# 07 chevys



## rawfish (Nov 15, 2005)

Anyone have any pictures of what they look like?


----------



## raptorman03 (Mar 1, 2004)

I have not seen the 07 trucks but chevy has pics of the 07 tahoe on the web site ill get you a link 
http://www.chevrolet.com/tahoe/2007/


----------



## Antnee77 (Oct 25, 2005)

Yeah the new Tahoe should give a good idea of what the next gen pickups will look like.


----------



## William B. (Jul 22, 2004)

Check out edmunds.com They have some spy pics.

William


----------



## rcpd34 (Jan 16, 2004)

William B. said:


> Check out edmunds.com They have some spy pics.
> 
> William


Got a link? I can't find it.


----------



## William B. (Jul 22, 2004)

Here are the Chevy Pics
http://www.edmunds.com/insideline/do/FVDP/MakeIndex/make=Chevrolet
and here are the GMC pics
http://www.edmunds.com/insideline/do/FVDP/MakeIndex/make=GMC
And for our Ford and Dodge fans
http://www.edmunds.com/insideline/do/FVDP/MakeIndex/make=Ford
http://www.edmunds.com/insideline/do/FVDP/MakeIndex/make=Dodge

William


----------



## PremierLand (Jun 11, 2004)

Eww. Those Chevy and GMC's look too much like something toyota or honda would make. It doesnt look masciuline to me.

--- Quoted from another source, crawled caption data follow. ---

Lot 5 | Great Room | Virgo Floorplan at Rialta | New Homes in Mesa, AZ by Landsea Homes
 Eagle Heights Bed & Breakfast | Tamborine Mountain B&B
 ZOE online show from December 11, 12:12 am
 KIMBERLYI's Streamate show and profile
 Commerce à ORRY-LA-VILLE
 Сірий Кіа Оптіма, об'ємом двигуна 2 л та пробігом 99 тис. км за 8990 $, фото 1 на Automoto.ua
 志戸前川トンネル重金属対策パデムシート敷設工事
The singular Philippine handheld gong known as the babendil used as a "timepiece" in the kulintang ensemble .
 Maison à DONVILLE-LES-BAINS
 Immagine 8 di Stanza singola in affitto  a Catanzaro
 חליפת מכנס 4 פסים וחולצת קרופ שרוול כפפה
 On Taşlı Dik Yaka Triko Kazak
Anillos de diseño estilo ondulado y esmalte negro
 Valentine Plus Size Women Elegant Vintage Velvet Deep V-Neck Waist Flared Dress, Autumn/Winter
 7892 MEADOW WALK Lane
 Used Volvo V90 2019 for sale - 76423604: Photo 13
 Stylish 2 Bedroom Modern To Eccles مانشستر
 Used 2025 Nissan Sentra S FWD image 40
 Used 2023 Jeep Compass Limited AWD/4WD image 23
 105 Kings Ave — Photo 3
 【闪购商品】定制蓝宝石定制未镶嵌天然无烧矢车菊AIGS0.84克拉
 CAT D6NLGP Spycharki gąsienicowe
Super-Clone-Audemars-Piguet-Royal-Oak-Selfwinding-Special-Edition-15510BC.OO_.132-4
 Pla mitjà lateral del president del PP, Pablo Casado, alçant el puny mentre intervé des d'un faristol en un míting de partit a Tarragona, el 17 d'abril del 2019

But im sure it'll grow on me over time, and I'll prolly have one in my driveway. LOL


----------



## rcpd34 (Jan 16, 2004)

Saving already for an '07 CC D/A!


----------



## NoFearDeere (Nov 7, 2005)

I would have to agree with Mark on this one. I really like the look of the 03-06 body style. I wish they wouldnt change the body style every 3 years but like everything else, you get use to it. I think the 07 Ford super dutys will look good. I know I like my F450! Hopefully next year I will get to replace my 01 Dodge with a 05 2500HD! :waving:


----------



## flykelley (Dec 29, 2003)

Hi Guys
As most of you know I work for Gm at the Full Size Truck Plant in Pontiac Mi. I had the chance tonight to go over to the engineering center next to our plant. I got to see the 07 Pickup, man guys it is a whole new look. The body was still cover but I did get to see part of the sheet metal.
It reminds me of a little bit of a Ford Truck. The interior is a whole new look. The inside is clean lines. The headlights and taillights are nothing like is out there now, and I do not see how you will ever get a strobe head in one. 
The lines of the body seem to have a gentle curve to it and the body panels are big. Now all I saw was the 4 door truck and it was loaded, so I'm sure there will be a work version of it, not as fancy. Sorry I can't tell you guys more but most of it was covered.
The best part I thought was watching do some testing on the new truck. They had one on 4 hydraulic cylinders one under each tire and was shacking the living hell out of that truck with a load in the bed, man was that something to see. Look like it was out 4 wheeling big time jumping all over the place. I'm sure there is more to tell, if I remember anything I will pass it on.
Before anybody asked I will not take pictures of it, its not worth loosing a job over.

Regards Mike


----------



## rcpd34 (Jan 16, 2004)

Was it a 2500 or 2500? Did it have a solid front axle?


----------



## William B. (Jul 22, 2004)

Very cool to here Mike. Hey, I hope your plant is not one of the plants that GM is going to close. I would hate to see that happen to ya. I heard something that I have an extremely hard time believing. A friend was at a local dealership and the salesman told him that GM would only be going with a regular cab or crew cab. Any word on this?

William


----------



## flykelley (Dec 29, 2003)

Hi William
I would have a hard time believing that, we sell alot of ext cabs, but you know GM. I just thought about this, I know we are still going to be building rear seats at the Lear seat plant, and the new rear seat is also a split bench instead of a solid rear seat. We are one of the lucky plants, we will keep building trucks for a good while now, just signed a 5.6 million dollar expansion to the plant.
I did not look at the front axle but I can't image GM going back to a solid front axle. I will try to make it back over there later in the week. Will report back later, any more questions guys?

Regards Mike


----------



## Bad Luck (Sep 30, 2004)

Mike - Any word on the base motor for the 1/2 ton and 3/4 ton???????????
Word is everything is going over to DOD in '07????


----------



## flykelley (Dec 29, 2003)

Bad Luck said:


> Mike - Any word on the base motor for the 1/2 ton and 3/4 ton???????????
> Word is everything is going over to DOD in '07????


Bad Luck
No word on the motors yet, they are still keeping us in the dark. Like I said earlier, the trucks are still covered up even inside the building. They have padded panels velcroed to them to try to hide the shape. we even tryed to get the plant manager to get one to display at our plant.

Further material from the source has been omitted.